I can provide some insight on the concept of antinodes and nodes on a wave. In simple terms, antinodes are the points of maximum amplitude on a wave while nodes are the points of zero amplitude. In the given waveform, y2(x)= sin(x*1.2)+sin(x*1.8), the amplitude is determined by the coefficients of the sine functions, which are 1.2 and 1.8.

To find the antinodes on this waveform, we can use the equation 1.8*COS(1.8*x)+1.2*COS(1.2*x)=0. This equation represents the points where the sum of the two cosine functions equals zero, indicating maximum amplitude.
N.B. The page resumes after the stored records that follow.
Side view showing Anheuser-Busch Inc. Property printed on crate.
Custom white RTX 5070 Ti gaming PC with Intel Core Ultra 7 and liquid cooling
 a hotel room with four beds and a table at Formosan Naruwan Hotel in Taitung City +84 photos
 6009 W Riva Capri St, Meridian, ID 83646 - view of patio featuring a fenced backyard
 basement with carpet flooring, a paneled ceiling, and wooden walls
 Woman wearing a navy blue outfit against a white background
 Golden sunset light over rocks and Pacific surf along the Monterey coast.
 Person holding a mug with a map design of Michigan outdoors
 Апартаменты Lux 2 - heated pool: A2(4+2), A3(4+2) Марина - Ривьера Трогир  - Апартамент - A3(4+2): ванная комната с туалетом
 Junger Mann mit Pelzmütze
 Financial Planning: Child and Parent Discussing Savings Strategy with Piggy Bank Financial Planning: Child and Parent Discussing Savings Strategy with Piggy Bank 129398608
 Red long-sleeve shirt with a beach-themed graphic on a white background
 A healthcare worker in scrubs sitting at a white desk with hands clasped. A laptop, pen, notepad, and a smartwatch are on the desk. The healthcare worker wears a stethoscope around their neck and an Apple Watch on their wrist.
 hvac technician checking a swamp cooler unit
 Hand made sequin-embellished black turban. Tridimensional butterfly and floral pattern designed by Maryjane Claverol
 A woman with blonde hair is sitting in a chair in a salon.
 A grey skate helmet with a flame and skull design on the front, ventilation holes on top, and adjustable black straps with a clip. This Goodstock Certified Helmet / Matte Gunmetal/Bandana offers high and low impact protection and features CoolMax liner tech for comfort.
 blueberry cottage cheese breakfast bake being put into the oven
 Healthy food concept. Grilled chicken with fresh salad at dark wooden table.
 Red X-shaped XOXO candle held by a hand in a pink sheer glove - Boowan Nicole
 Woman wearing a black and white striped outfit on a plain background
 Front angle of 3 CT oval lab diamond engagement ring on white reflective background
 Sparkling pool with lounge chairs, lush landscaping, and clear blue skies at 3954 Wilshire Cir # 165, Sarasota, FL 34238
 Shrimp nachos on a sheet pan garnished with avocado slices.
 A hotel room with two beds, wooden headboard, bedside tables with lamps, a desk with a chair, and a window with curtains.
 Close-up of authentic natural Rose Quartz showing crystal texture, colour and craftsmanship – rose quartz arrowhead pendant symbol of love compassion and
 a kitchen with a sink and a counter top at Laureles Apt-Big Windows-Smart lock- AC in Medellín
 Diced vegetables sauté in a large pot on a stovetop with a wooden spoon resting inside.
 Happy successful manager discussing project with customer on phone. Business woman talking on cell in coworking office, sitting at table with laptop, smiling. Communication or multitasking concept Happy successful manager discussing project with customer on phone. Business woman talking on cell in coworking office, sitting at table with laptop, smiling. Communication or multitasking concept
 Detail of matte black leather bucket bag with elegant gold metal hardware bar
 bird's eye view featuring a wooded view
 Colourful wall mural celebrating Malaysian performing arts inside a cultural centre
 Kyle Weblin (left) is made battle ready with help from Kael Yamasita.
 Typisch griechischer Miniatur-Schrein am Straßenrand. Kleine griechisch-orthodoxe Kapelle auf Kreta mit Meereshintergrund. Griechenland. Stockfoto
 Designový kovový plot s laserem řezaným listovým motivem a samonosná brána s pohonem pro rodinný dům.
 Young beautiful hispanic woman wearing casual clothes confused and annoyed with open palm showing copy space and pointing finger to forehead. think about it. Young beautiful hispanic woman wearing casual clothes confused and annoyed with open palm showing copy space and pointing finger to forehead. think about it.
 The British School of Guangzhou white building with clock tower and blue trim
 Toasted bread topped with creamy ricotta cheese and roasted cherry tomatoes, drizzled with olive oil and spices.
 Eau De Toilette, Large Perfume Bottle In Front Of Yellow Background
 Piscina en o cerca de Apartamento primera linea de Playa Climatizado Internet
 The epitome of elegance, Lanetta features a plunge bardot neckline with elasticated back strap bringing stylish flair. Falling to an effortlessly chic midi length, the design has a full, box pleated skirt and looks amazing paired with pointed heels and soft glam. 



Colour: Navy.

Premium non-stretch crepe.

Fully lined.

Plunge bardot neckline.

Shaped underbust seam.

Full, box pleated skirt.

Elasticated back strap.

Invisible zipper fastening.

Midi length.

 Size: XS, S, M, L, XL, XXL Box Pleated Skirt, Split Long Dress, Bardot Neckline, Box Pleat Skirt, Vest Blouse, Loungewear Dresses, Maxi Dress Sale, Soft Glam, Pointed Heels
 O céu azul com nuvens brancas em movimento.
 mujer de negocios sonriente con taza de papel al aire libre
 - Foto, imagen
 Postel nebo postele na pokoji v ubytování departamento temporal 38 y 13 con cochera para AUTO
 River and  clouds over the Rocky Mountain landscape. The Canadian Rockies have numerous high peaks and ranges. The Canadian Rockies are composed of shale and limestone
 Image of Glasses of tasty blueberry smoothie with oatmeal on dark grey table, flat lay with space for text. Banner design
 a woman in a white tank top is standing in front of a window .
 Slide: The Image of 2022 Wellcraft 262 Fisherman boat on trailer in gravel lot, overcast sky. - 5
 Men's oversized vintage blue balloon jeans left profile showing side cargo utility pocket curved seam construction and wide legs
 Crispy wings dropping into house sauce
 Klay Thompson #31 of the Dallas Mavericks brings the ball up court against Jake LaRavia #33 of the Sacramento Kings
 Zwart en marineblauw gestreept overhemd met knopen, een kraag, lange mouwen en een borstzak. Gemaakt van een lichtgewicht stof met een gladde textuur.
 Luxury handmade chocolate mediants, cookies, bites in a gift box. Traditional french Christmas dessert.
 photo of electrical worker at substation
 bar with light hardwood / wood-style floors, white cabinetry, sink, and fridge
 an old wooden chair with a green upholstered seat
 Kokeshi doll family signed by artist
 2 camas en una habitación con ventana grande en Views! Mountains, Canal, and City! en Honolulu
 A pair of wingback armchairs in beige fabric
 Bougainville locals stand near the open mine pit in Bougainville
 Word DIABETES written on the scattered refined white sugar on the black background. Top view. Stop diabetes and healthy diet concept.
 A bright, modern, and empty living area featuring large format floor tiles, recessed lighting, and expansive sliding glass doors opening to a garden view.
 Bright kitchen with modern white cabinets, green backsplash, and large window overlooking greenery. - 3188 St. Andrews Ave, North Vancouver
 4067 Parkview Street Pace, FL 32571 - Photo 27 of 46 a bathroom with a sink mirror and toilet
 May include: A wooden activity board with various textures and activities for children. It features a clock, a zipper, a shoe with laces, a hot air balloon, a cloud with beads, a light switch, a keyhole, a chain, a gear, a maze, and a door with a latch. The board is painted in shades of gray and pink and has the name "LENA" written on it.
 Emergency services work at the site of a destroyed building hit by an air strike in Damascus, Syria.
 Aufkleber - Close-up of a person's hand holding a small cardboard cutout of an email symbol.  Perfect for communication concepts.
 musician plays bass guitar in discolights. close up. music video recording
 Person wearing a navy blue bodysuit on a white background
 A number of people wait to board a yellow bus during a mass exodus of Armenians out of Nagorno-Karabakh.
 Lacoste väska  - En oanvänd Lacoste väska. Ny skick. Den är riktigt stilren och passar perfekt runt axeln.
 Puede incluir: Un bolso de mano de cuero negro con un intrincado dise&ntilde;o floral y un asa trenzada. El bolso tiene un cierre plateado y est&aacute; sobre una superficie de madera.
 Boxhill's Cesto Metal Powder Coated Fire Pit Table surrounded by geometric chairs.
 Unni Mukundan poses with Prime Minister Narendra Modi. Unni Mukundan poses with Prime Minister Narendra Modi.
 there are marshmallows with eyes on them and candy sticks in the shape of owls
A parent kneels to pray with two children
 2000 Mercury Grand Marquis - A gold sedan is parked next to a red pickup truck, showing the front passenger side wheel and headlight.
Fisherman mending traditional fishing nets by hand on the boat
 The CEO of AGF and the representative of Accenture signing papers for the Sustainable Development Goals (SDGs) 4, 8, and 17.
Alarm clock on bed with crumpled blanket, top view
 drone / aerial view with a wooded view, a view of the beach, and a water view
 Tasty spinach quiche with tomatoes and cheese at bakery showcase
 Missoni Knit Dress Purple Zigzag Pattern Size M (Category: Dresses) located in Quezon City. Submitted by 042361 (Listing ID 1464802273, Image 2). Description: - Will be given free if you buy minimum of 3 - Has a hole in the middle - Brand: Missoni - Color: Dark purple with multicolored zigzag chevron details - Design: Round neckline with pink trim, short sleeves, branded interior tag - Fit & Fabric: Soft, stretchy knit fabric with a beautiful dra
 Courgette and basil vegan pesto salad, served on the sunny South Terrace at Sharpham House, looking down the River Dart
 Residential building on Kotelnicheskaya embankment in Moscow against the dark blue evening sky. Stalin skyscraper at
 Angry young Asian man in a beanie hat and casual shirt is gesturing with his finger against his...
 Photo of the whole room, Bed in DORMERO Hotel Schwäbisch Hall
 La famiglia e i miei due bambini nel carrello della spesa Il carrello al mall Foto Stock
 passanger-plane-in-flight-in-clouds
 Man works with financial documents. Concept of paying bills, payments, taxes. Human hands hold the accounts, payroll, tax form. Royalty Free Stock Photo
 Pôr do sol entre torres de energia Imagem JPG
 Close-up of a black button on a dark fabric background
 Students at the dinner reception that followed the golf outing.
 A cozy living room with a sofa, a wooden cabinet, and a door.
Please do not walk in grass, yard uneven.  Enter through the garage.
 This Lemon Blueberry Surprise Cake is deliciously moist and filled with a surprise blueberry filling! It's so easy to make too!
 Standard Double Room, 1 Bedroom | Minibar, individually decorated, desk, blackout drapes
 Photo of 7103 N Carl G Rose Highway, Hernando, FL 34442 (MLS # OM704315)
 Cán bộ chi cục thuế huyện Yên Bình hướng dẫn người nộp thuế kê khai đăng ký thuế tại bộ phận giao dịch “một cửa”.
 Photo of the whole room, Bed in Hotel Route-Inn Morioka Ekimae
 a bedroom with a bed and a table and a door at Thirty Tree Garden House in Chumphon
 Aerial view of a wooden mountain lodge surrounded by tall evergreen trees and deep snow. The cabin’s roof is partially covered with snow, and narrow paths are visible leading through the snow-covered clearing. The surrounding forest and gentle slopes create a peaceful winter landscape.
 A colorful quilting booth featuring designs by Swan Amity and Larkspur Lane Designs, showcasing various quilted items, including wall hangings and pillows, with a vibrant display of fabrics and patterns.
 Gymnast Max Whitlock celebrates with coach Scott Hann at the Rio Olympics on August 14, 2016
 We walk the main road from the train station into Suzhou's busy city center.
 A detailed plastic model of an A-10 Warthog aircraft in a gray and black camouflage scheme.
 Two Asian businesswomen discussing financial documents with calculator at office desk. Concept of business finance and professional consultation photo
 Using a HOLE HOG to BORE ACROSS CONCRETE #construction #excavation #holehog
To simplify this equation, we can factor out a cosine term, giving us COS(1.8*x+1.2*x)=0. This means that the argument of the cosine function must be equal to (n+0.5)*pi, where n is an integer.

Using this information, we can find the values of x that correspond to the antinodes by solving for x in the equation (1.8*x+1.2*x)=(n+0.5)*pi. This gives us x=(n+0.5)*pi/(1.8+1.2). Plugging in values of n=0, 1, 2, 3, etc. will give us the x-values for the antinodes.

Similarly, to find the nodes, we can use the equation 1.8*COS(1.8*x)+1.2*COS(1.2*x)=0. This equation represents the points where the sum of the two cosine functions equals zero, indicating zero amplitude. To simplify this equation, we can again factor out a cosine term, giving us COS(1.8*x+1.2*x)=0. This means that the argument of the cosine function must be equal to n*pi, where n is an integer.

Using this information, we can find the values of x that correspond to the nodes by solving for x in the equation (1.8*x+1.2*x)=n*pi. This gives us x=n*pi/(1.8+1.2). Plugging in values of n=0, 1, 2, 3, etc. will give us the x-values for the nodes.